An unexpectedly hot client
"It might be one of the most unusual reviews in recent history: a bevy of creative hotshops chasing a company that rents industrial equipment," Ad Age's Megan Graham writes. In the end, independent Droga5 won lead creative and strategic agency for United Rentals, beating out WPP's VML, Interpublic Group of Cos.' MullenLowe and IPG's McCann. This particular review for a utilitarian b-to-b client may carry some lessons about where the agency world is at right now. Advertisers are looking for project-based relationships instead of agencies of record, as one expert told Graham. As she writes, that heightens the competition when an agency-of-record opportunity is up for grabs. In this case, she writes, "despite its seemingly unsexy appearance, the review presented contenders with an appealing marketing challenge for a b-to-b client that has more than 1,000 rental locations in North America and employs 16,400 people."
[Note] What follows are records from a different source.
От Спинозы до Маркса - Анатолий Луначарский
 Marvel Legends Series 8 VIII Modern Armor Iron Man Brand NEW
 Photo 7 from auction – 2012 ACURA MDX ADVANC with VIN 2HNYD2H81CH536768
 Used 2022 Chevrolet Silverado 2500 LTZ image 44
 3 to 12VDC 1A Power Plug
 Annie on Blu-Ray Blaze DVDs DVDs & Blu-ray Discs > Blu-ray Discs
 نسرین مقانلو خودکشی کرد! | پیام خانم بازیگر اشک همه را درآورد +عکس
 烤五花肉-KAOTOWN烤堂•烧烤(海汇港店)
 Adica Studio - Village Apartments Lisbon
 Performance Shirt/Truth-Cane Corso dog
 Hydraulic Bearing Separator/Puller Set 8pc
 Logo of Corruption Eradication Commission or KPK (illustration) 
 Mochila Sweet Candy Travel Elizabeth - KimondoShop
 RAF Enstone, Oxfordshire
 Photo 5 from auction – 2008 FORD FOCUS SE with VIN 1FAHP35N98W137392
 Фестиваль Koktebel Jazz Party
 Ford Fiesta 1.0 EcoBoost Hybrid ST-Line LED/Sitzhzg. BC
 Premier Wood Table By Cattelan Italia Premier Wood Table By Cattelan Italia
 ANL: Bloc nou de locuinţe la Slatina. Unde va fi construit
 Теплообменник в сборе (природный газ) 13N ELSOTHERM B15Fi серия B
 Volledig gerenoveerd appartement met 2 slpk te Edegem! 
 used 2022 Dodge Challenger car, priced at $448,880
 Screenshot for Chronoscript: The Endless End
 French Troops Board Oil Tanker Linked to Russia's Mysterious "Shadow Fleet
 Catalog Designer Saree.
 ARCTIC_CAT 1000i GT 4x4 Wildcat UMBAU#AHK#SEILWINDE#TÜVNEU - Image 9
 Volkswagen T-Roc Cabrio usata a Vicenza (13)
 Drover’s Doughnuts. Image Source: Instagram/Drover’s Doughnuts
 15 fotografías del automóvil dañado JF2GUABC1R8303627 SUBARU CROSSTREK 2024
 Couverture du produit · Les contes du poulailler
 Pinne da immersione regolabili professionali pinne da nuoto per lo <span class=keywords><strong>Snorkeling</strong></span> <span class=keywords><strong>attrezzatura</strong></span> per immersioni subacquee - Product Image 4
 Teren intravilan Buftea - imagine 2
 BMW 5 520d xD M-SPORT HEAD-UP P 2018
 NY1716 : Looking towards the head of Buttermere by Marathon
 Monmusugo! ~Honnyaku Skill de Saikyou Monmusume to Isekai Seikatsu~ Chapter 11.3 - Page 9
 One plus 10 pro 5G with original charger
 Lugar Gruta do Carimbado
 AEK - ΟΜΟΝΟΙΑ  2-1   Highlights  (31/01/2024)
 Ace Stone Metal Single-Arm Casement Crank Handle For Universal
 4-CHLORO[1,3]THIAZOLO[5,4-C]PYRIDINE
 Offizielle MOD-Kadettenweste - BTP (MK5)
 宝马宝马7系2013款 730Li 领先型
Goodbye: Burt Reynolds, who died Thursday at 82, was a megastar of the silver screen and TV, and he also starred in some ads too. Check out E.J. Schultz's roundup in Ad Age; don't miss the funny FedEx Super Bowl ad poking fun at ad business clichés (Reynold's co-star is a talking, dancing bear).
Fakes: "The Federal Trade Commission has shut down a scheme in which operators of fake military recruitment websites tricked people into sharing information that was then sold as marketing leads to post-secondary schools," Ad Age's E.J. Schultz writes.
Toy stories: Mattel "is launching Mattel Films to focus on developing and producing motion pictures based on the company's toy brands," the Los Angeles Times writes.
Putting out a fire: After a backlash, Burberry says it will no longer burn unsold clothes, bags and perfume, The Guardian reports. Last year, the company destroyed $37 million worth of clothes to protect its brand (for fear they'd otherwise wind up being sold at marked-down prices). The company now says it will reuse, repair, donate or recycle the products.
End of an era: Ford is ending all nationwide marketing for the Fiesta, Focus, Fusion and Taurus as it phases out its sedans; read more from Automotive News.
Ellen: Podcast network Wondery has a new show with Ellen DeGeneres called "Ellen on the Go." Wondery's founder and CEO, Hernan Lopez, talks to Ad Age editor Brian Braiker about the podcasting ad landscape. Listen to their conversation on the Ad Lib podcast.
Creativity pick of the day: Adidas' latest ambassador and "brand co-creator" is Donald Glover, aka Childish Gambino. And he "appears in an animated ad that's essentially a follow-up to his new 'Feels Like Summer' video," Ad Age's Alexandra Jardine writes. For this all to make sense, watch the music video first, then check out the ad. Happy Friday.